Die Hoffnung stirbt bekanntlich zuletzt, aber in meinem Fall war sie definitiv tot. Nix geht mehr – aus und vorbei. Mist. Die Reise hat ein jähes Ende gefunden, mein Bein und mittlerweile auch meine Knie schmerzen. In der Nacht ist neuer Schnee gefallen. Das machte die 50 km bis nach Nelauk recht rutschig und gefährlich.

Ich nehme den Zug zurück nach Oslo, ziehe meinen Rückflug vor und bin traurig. Aber noch eine Nacht im Zelt lasse ich mir nicht nehmen. In der Nähe der Bahnstation, an der am nächsten Morgen der Zug nach Oslo geht, baue ich noch ein letztes Mal mein Zelt auf.

Da erneut Schnee gefallen ist, muss ich mit einer Einfahrt zu einem Umspannwerk als Zeltplatz vorlieb nehmen. Im Wald war kein Durchkommen.

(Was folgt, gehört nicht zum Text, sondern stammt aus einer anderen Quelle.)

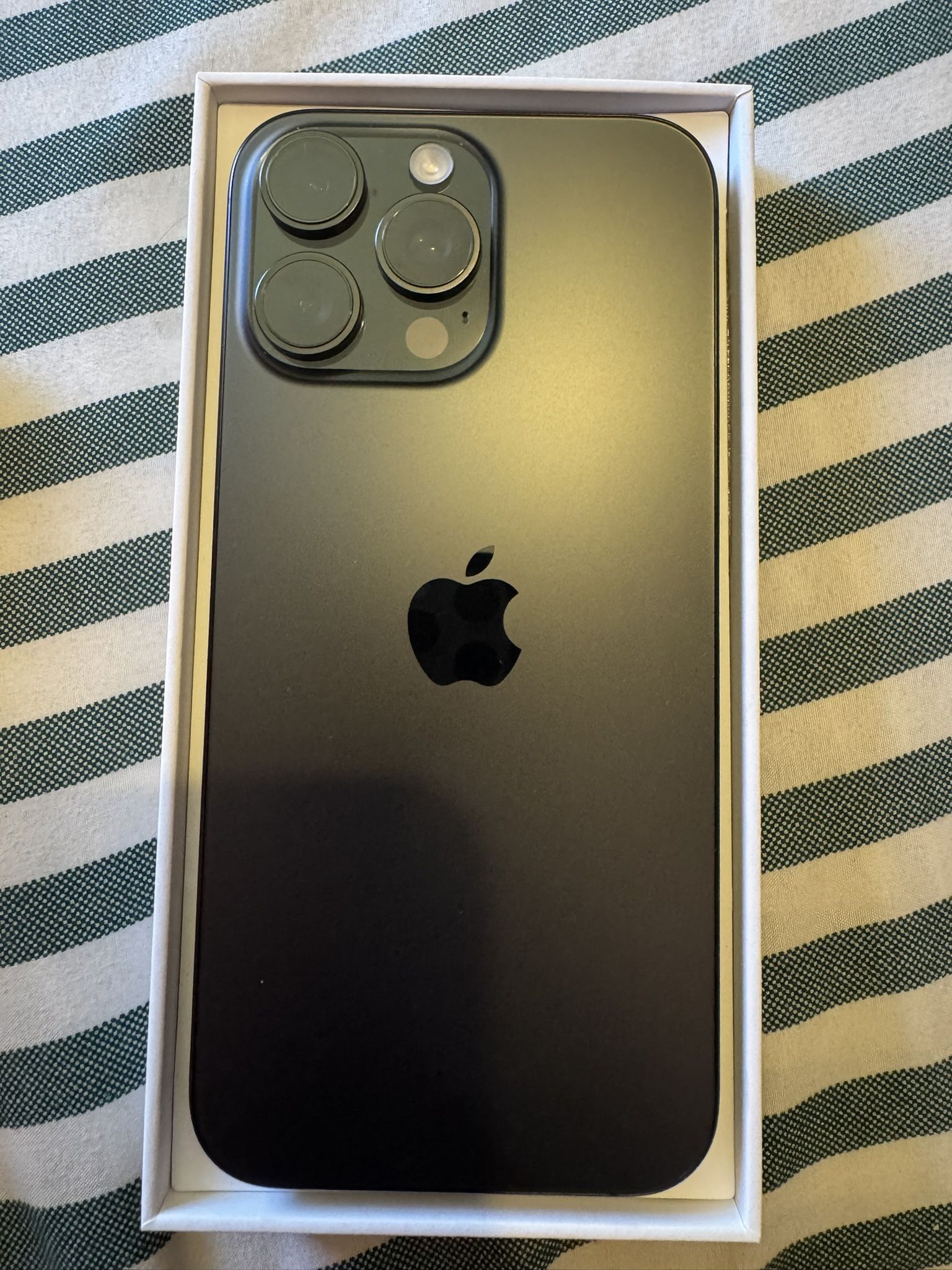 iPhone 16 Pro Max 256GB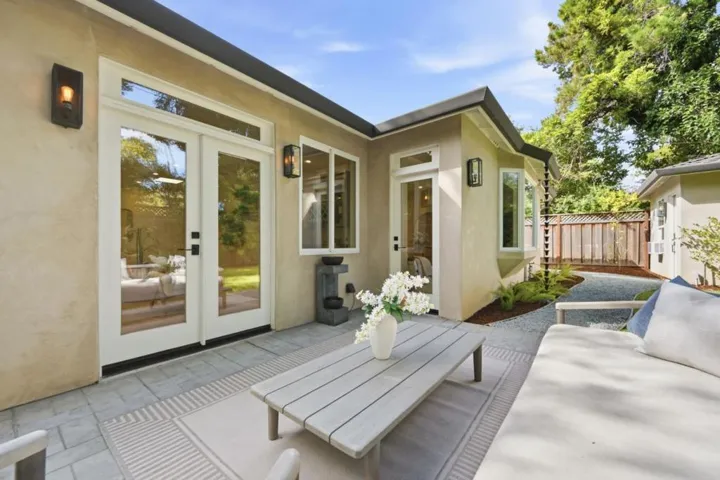 735 Coastland Drive, Palo Alto, California 94303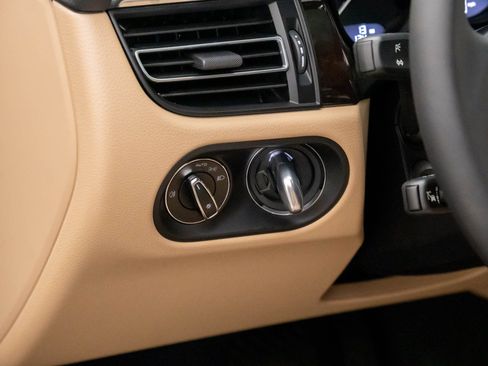 Certified 2026 Porsche Macan image 21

Nach 360 Radelkilometern endete diese Tour. Ich machte mir Sorgen um meine Beine und Knie, dachte schon, dass es nun nicht mehr ohne Schmerzen mehr geht, aber bereits im Jahr darauf konnte ich mich in Marokko vom Gegenteil überzeugen. Es war die Kälte, die mir in die Glieder gefahren ist und somit meinen Osterurlaub zu einem echten (bösen) Überraschungs-Ei machte.